⟨

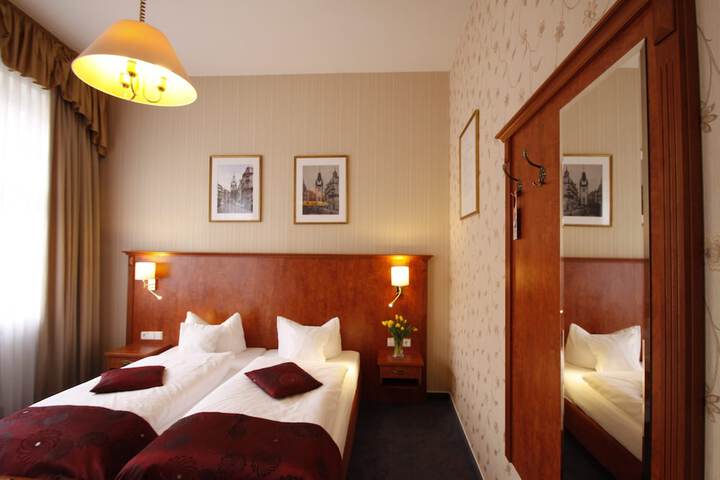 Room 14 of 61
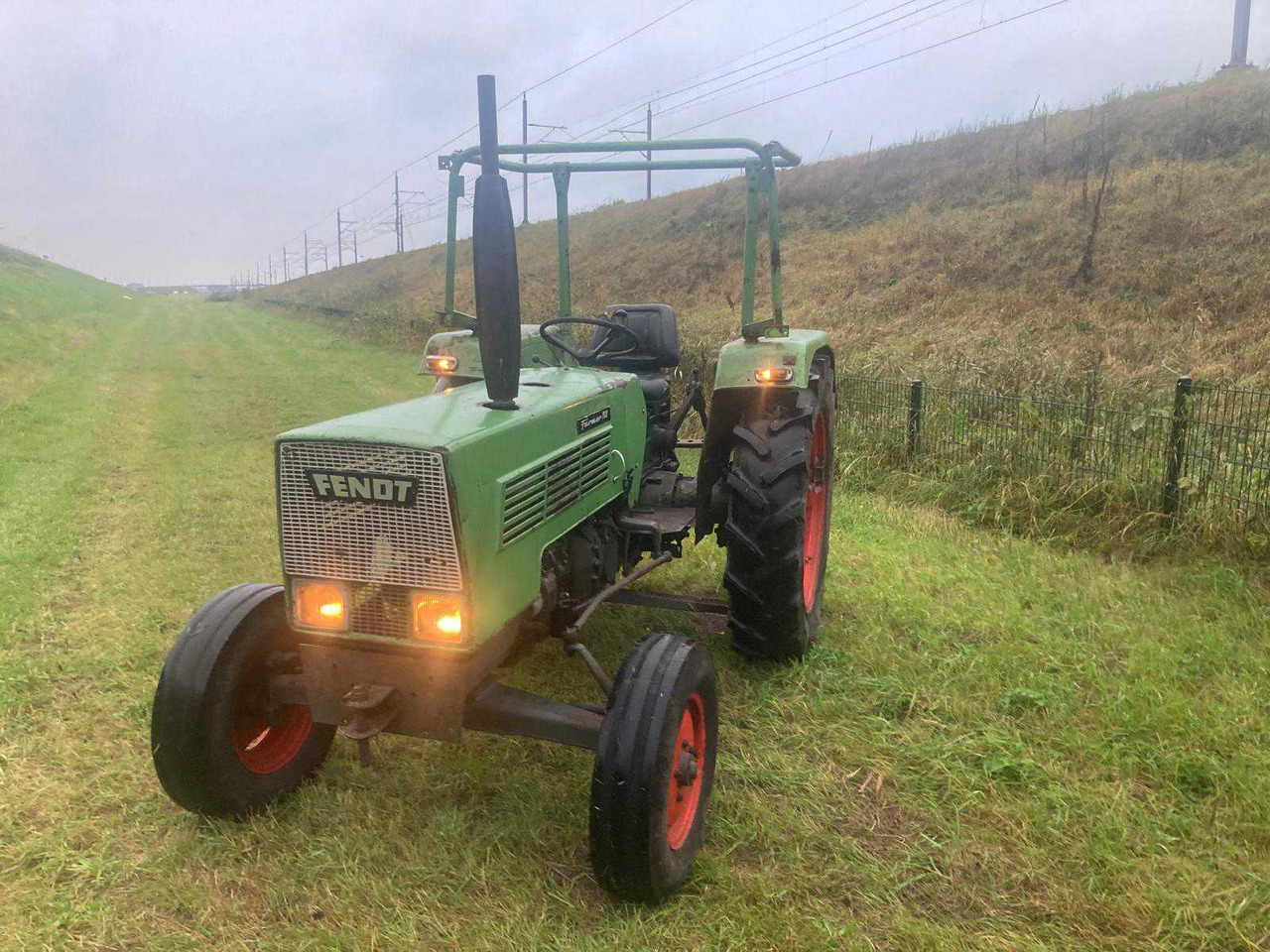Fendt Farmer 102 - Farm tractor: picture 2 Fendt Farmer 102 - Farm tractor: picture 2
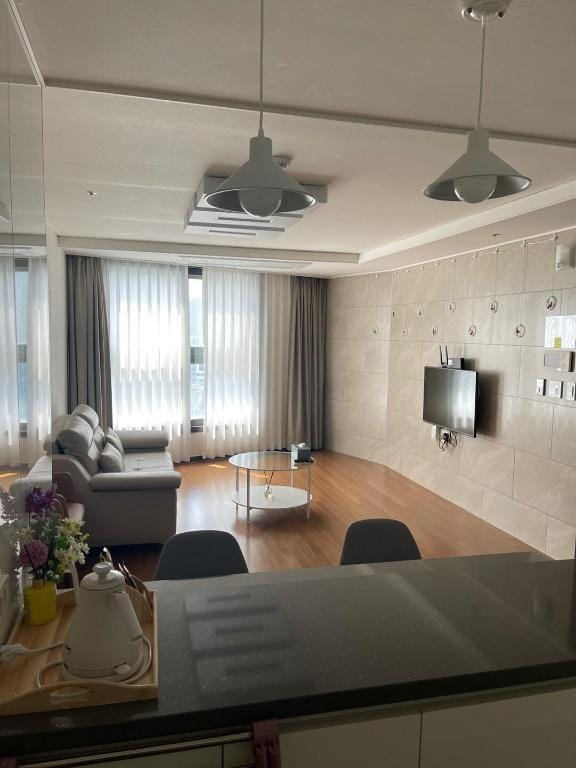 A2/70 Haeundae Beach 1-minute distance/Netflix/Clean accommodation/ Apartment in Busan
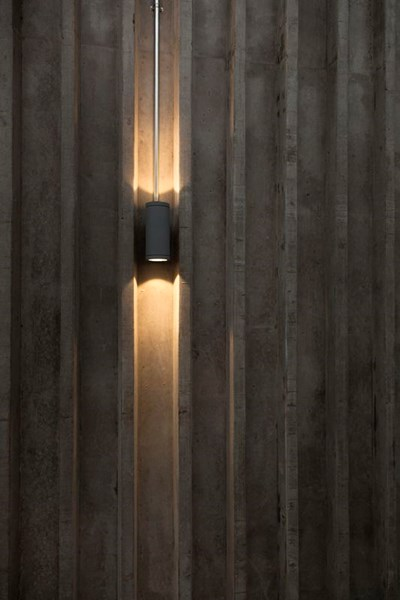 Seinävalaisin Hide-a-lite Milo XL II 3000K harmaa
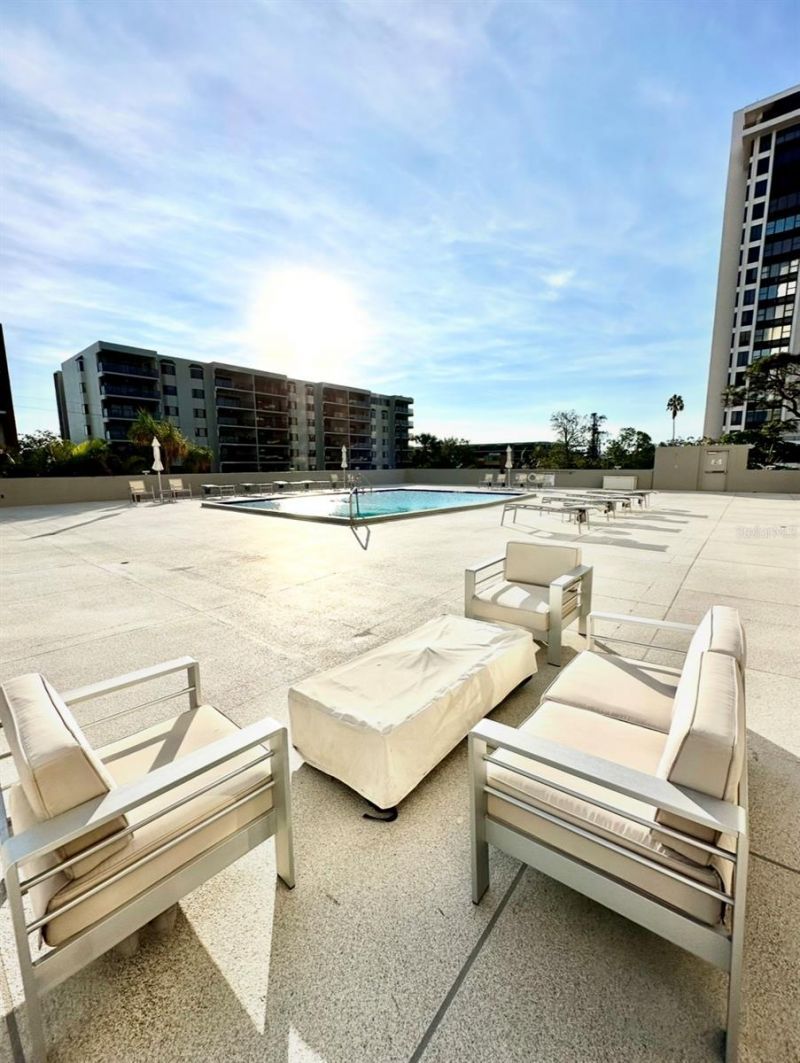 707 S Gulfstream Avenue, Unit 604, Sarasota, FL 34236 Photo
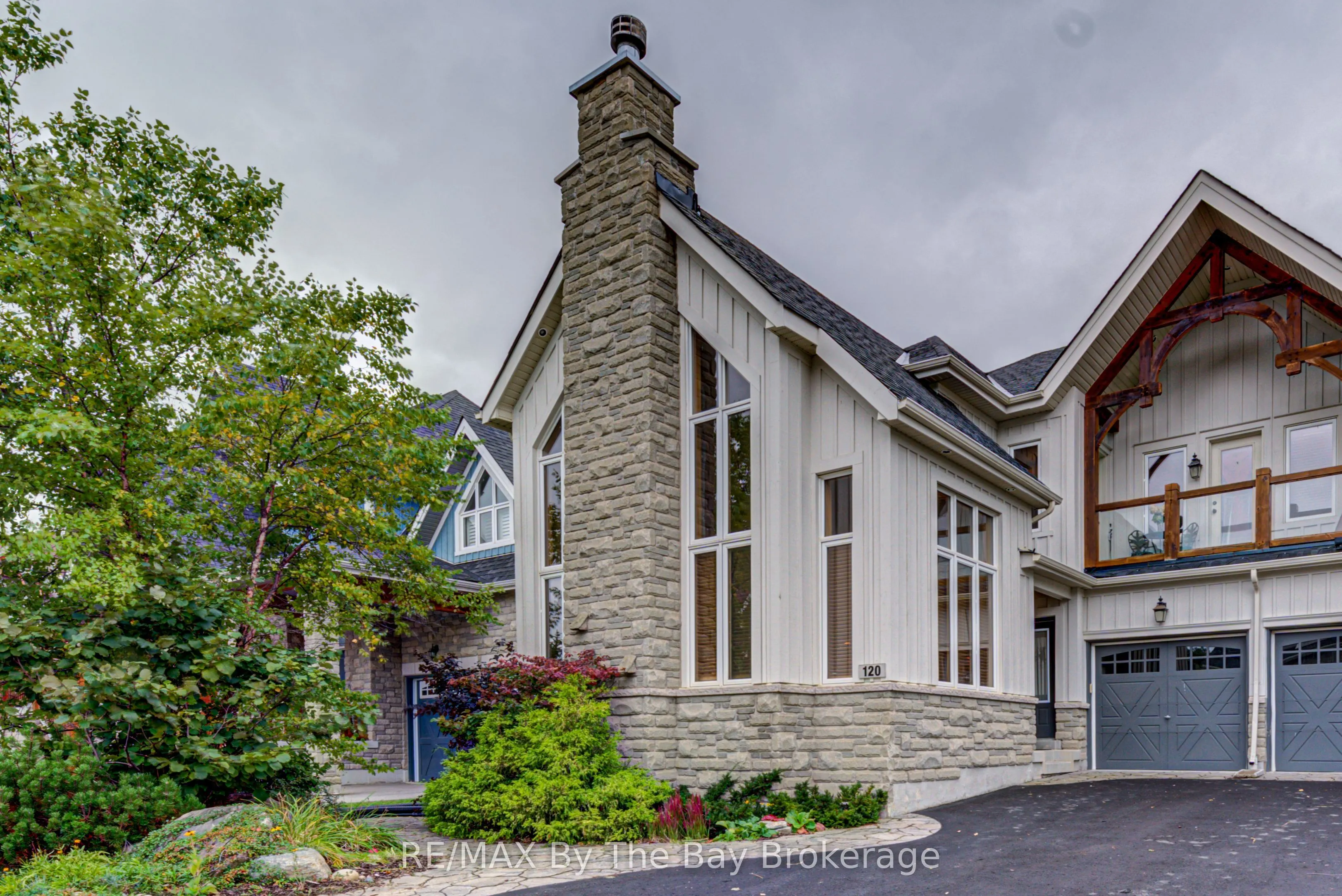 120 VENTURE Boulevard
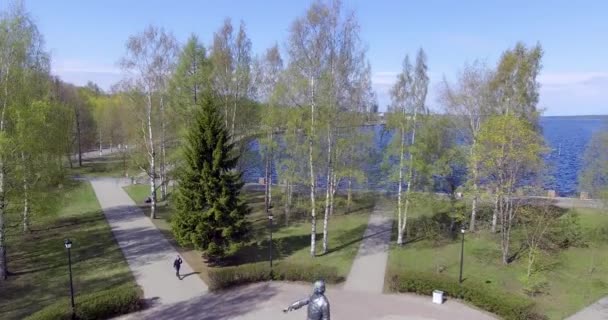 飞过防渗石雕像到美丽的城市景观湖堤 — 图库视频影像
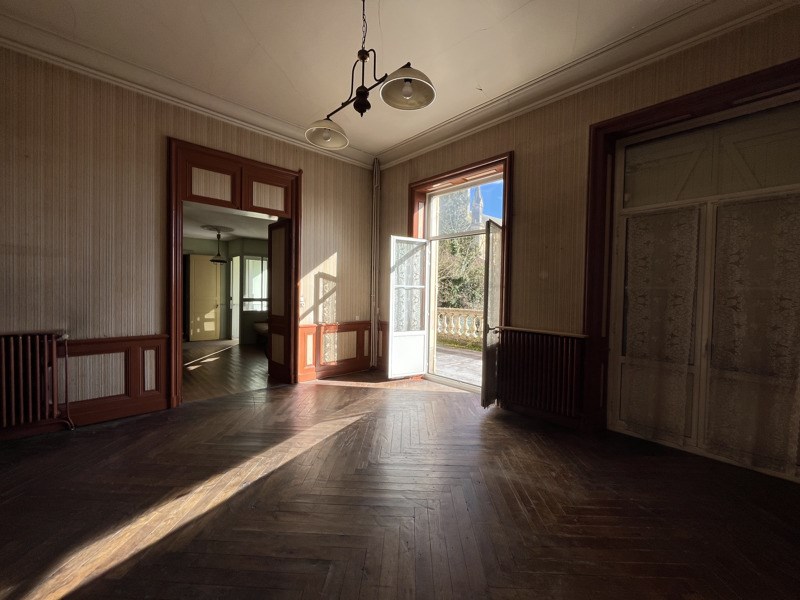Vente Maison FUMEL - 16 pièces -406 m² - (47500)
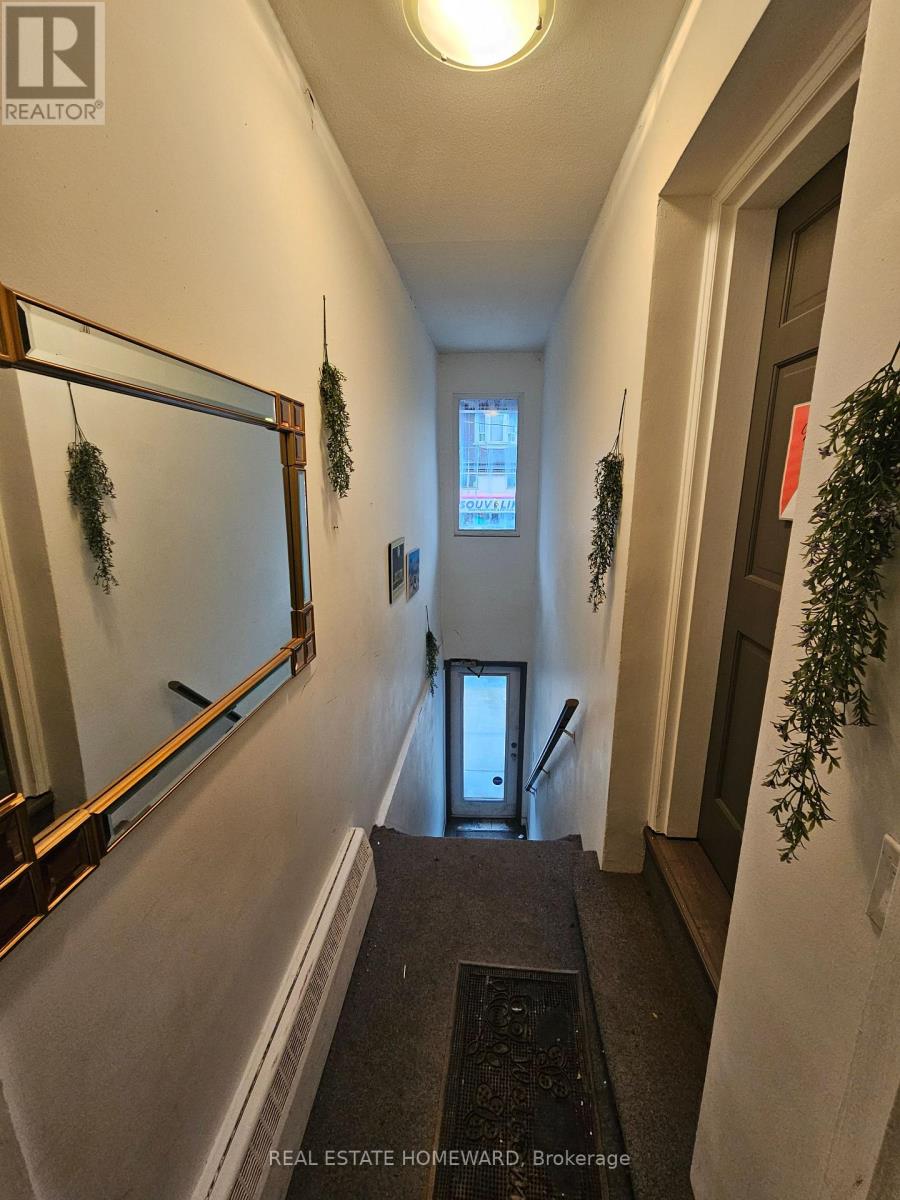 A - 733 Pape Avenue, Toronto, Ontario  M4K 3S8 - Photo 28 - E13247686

⟩

_ASSIGNMENT:_
Set down the records above exactly, leaving out pictures.

_RESPONSE TO THIS EXERCISE:_
 Room 14 of 61
Fendt Farmer 102 - Farm tractor: picture 2 Fendt Farmer 102 - Farm tractor: picture 2
 A2/70 Haeundae Beach 1-minute distance/Netflix/Clean accommodation/ Apartment in Busan
 Seinävalaisin Hide-a-lite Milo XL II 3000K harmaa
 707 S Gulfstream Avenue, Unit 604, Sarasota, FL 34236 Photo
 120 VENTURE Boulevard
 飞过防渗石雕像到美丽的城市景观湖堤 — 图库视频影像
Vente Maison FUMEL - 16 pièces -406 m² - (47500)
 A - 733 Pape Avenue, Toronto, Ontario  M4K 3S8 - Photo 28 - E13247686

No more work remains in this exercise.